Segment Start: Data supplied

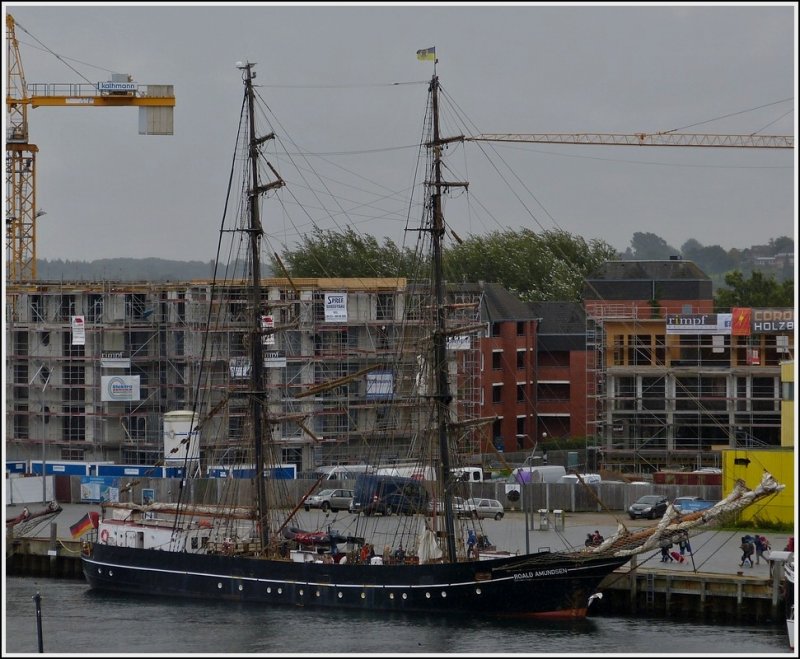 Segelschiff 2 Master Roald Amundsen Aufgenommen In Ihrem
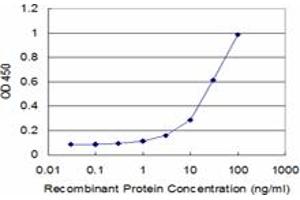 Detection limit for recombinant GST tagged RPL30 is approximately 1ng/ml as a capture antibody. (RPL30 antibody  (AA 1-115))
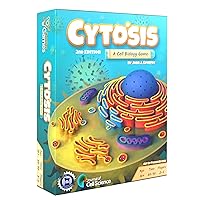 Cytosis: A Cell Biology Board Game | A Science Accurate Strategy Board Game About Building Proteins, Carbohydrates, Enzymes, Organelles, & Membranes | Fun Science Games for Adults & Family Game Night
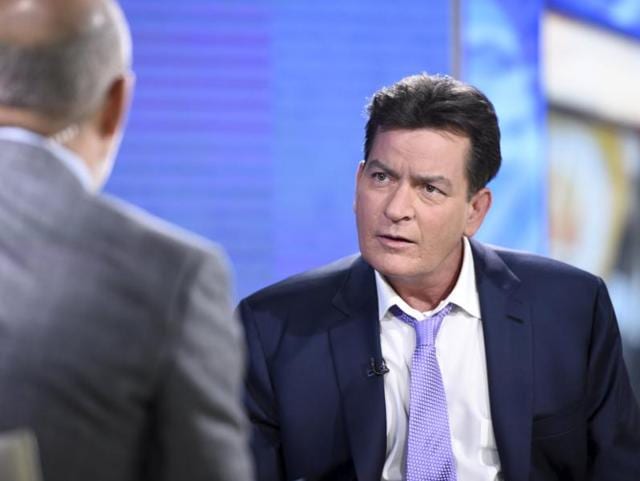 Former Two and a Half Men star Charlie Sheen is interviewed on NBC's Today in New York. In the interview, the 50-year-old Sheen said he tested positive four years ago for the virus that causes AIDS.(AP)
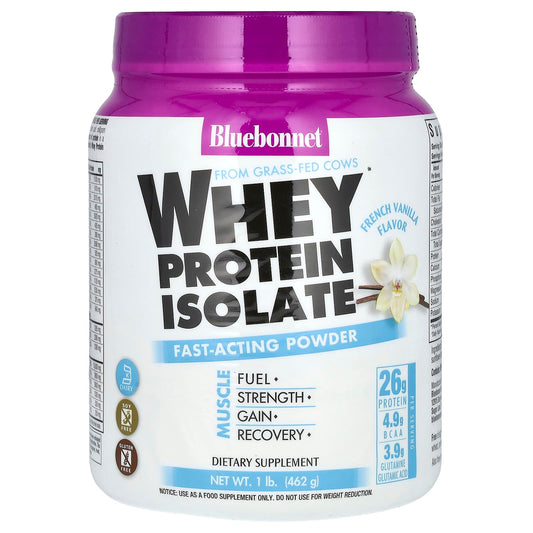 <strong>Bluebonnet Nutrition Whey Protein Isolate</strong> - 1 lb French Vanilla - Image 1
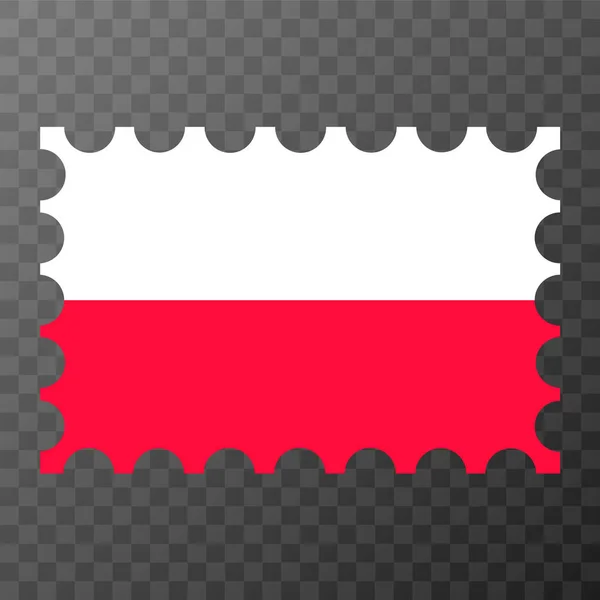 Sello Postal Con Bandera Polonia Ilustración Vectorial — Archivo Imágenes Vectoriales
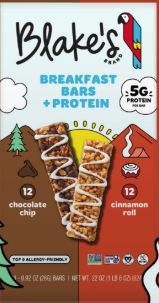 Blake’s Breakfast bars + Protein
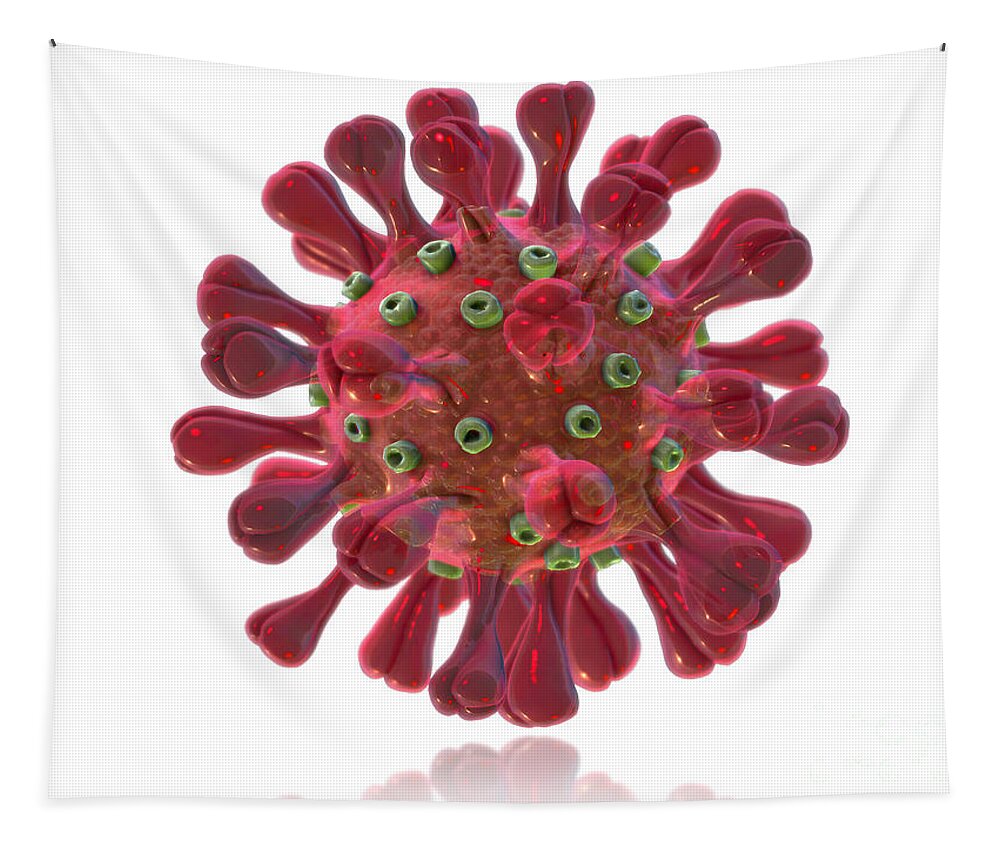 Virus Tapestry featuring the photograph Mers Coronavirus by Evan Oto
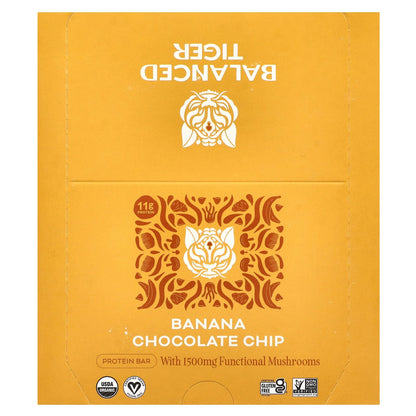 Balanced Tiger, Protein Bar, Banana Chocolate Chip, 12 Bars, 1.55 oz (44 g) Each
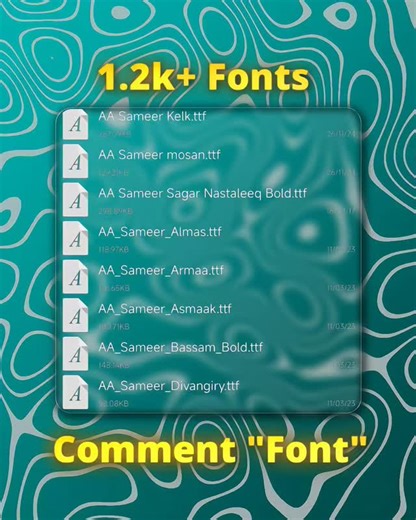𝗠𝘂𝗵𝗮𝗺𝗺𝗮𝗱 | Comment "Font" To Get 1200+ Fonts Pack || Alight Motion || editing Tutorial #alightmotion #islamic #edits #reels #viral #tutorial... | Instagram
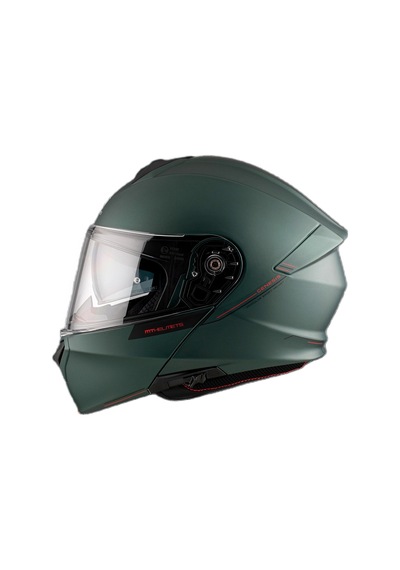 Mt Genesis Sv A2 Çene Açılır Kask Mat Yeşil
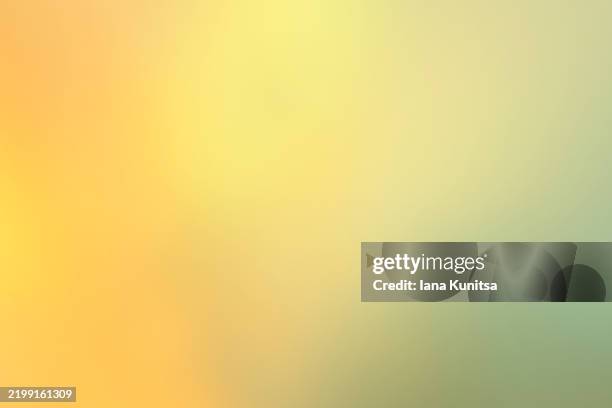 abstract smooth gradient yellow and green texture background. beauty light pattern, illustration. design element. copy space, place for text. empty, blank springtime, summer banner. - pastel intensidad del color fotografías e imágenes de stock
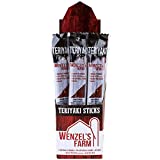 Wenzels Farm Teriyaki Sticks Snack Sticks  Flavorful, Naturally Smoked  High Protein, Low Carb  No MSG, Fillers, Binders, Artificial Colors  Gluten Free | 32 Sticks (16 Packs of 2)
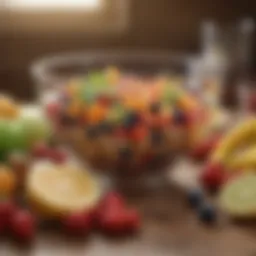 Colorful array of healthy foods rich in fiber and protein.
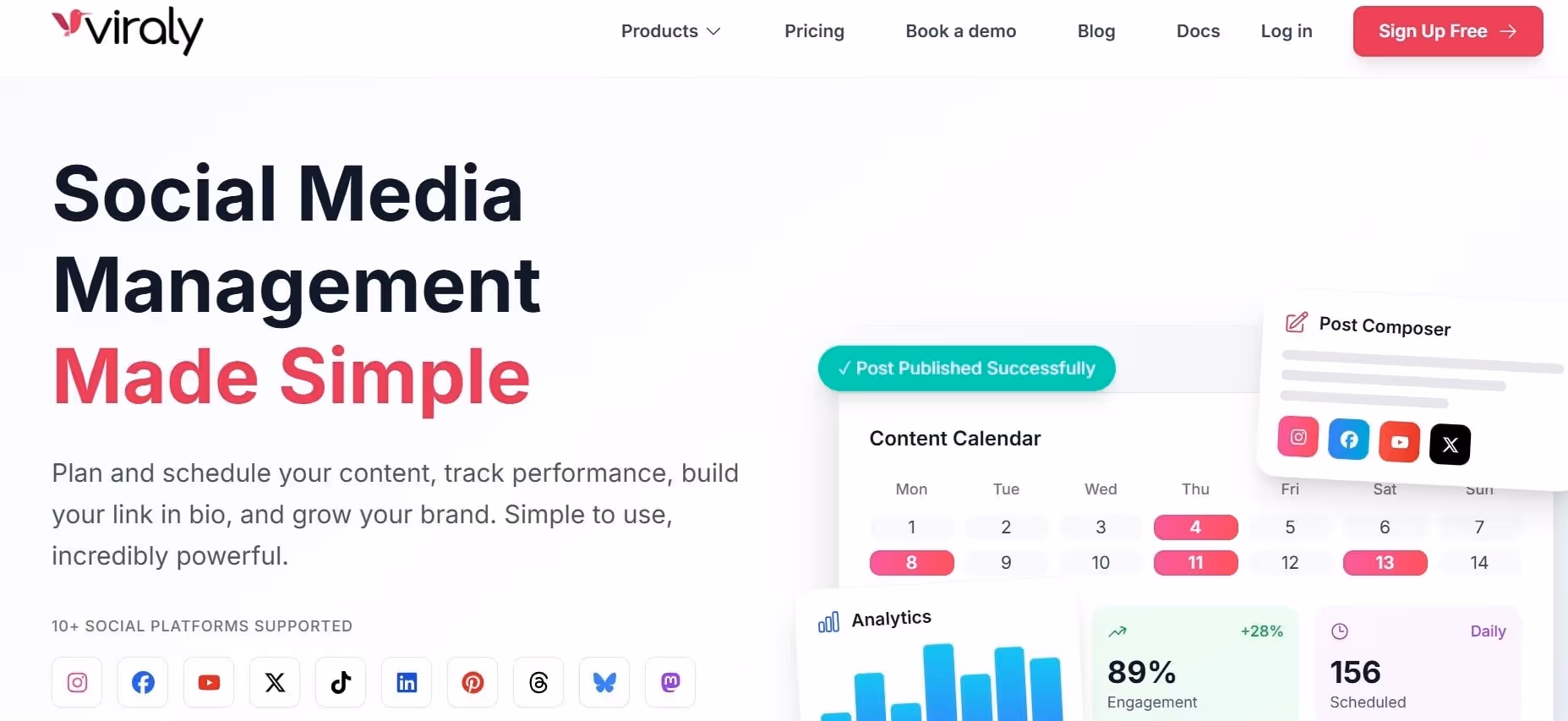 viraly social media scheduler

Segment End: Data supplied

*Aim of the exercise*: Once you find the line that contains "Mt Genesis Sv A2 Çene Açılır Kask Mat Yeşil", reproduce it and every line after it through the end of the entries above, exactly as written, with no pictures.

*Solution*:
 Mt Genesis Sv A2 Çene Açılır Kask Mat Yeşil
 abstract smooth gradient yellow and green texture background. beauty light pattern, illustration. design element. copy space, place for text. empty, blank springtime, summer banner. - pastel intensidad del color fotografías e imágenes de stock
 Wenzels Farm Teriyaki Sticks Snack Sticks  Flavorful, Naturally Smoked  High Protein, Low Carb  No MSG, Fillers, Binders, Artificial Colors  Gluten Free | 32 Sticks (16 Packs of 2)
 Colorful array of healthy foods rich in fiber and protein.
 viraly social media scheduler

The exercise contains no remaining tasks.